Resource Mapping Method, and Device and Storage Medium

The present application relates to the technical field of communications, for example, a resource mapping method, a device and a storage medium.

In the New Radio sidelink (NR SL) communication process, multiple subcarrier spacings (SCSs) such as the subcarrier spacing of 15 kHz, the subcarrier spacing of 30 kHz, the subcarrier spacing of 60 kHz or the subcarrier spacing of 120 kHz can be supported. For carrier aggregation communication, information can be sent simultaneously on multiple carriers. If the SCS configuration on different carriers is different, slots have different time domain lengths, or the SL uses different numbers of symbols. At this time, if an original frame structure is used, the automatic gain control (AGC) problem may be caused, thereby affecting communication performance.

Embodiments of the present application provide a resource mapping method, a device and a storage medium, which achieves symbol alignment of sidelink transmission using different subcarriers, avoids the automatic gain control (AGC) problem, and ensures communication performance.

The embodiments of the present application provide a resource mapping method. The resource mapping method is applied to a first communication node and includes the following.

A slot aggregation level, the number of first symbols and a first symbol position of sidelink communication are determined. A resource mapping manner for sidelink communication using a second subcarrier spacing is determined according to the slot aggregation level, the number of first symbols and the first symbol position. The number of first symbols refers to the number of first symbols used for the sidelink communication in a first slot; the first symbol position is a start symbol position of the first symbols in the first slot; the first slot is a slot used for the sidelink communication corresponding to a first subcarrier spacing; the slot aggregation level is a mapping relationship between a slot of the second subcarrier spacing and a slot of the first subcarrier spacing.

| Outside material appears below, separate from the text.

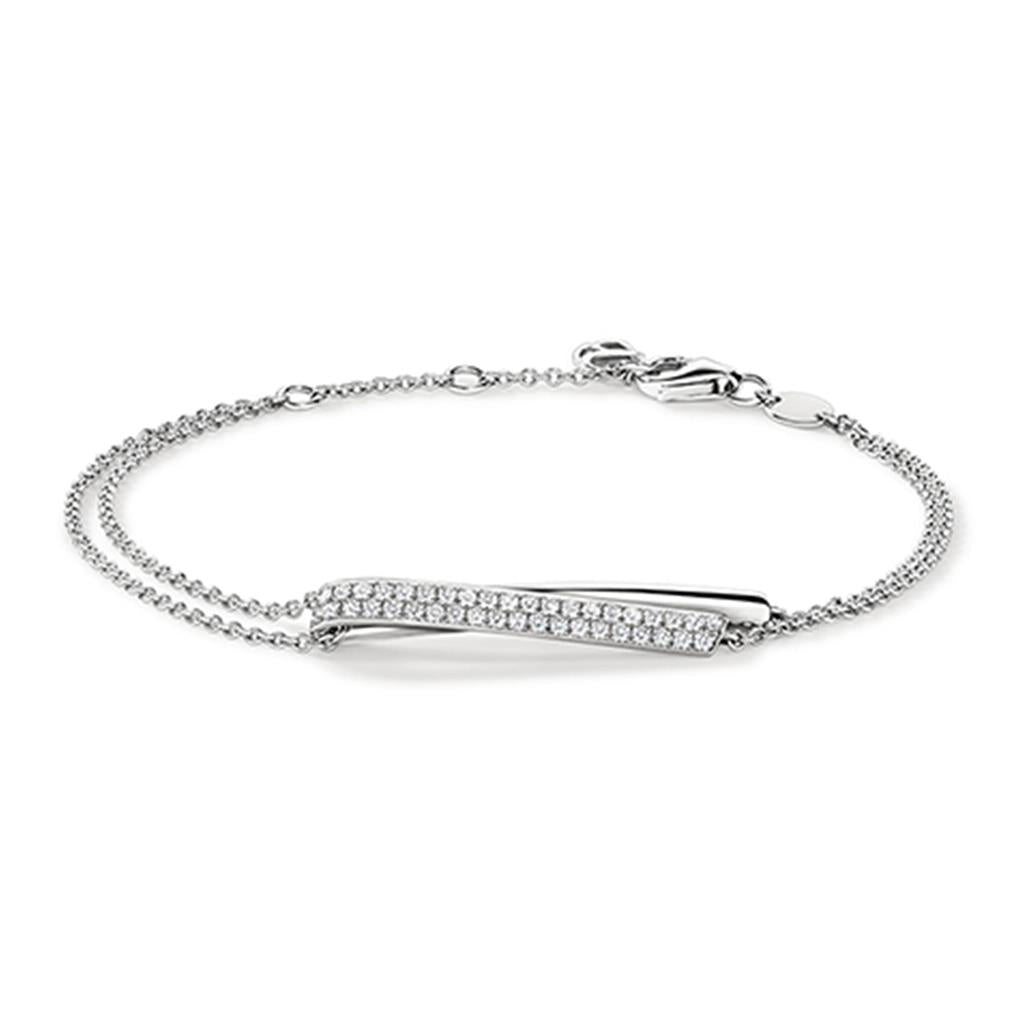 Hearts On Fire 18K White Gold Inside Out Diamond Flip Bracelet UU30138W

The embodiments of the present application provide a resource mapping method. The resource mapping method is applied to a second communication node and includes the following.

A parameter related to a slot aggregation level, the number of first symbols and a first symbol position of sidelink communication are indicated to a first communication node so that the first communication node determines, according to the parameter related to the slot aggregation level, the number of first symbols and the first symbol position, a resource mapping manner for sidelink communication using a second subcarrier spacing.

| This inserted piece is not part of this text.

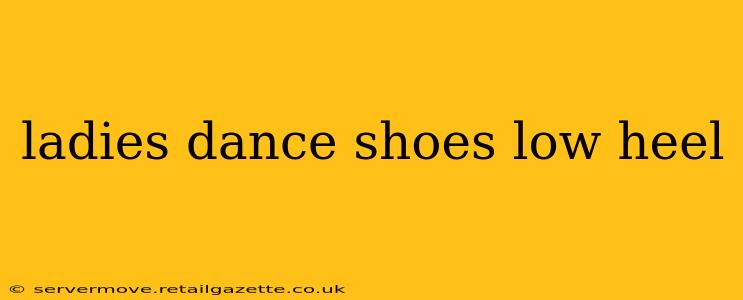 ladies dance shoes low heel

The embodiments of the present application provide a communication device. The communication device includes a memory and one or more processors. The memory is configured to store one or more programs. When executed by the one or more processors, the one or more programs cause the one or more processors to perform the resource mapping method described in any of the preceding embodiments.

The embodiments of the present application provide a storage medium storing a computer program which, when executed by a processor, performs the resource mapping method described in any of the preceding embodiments.

Embodiments of the present application are described hereinafter in conjunction with drawings. The present application is described below in conjunction with embodiments and the drawings, and the examples illustrated are intended to explain the present application.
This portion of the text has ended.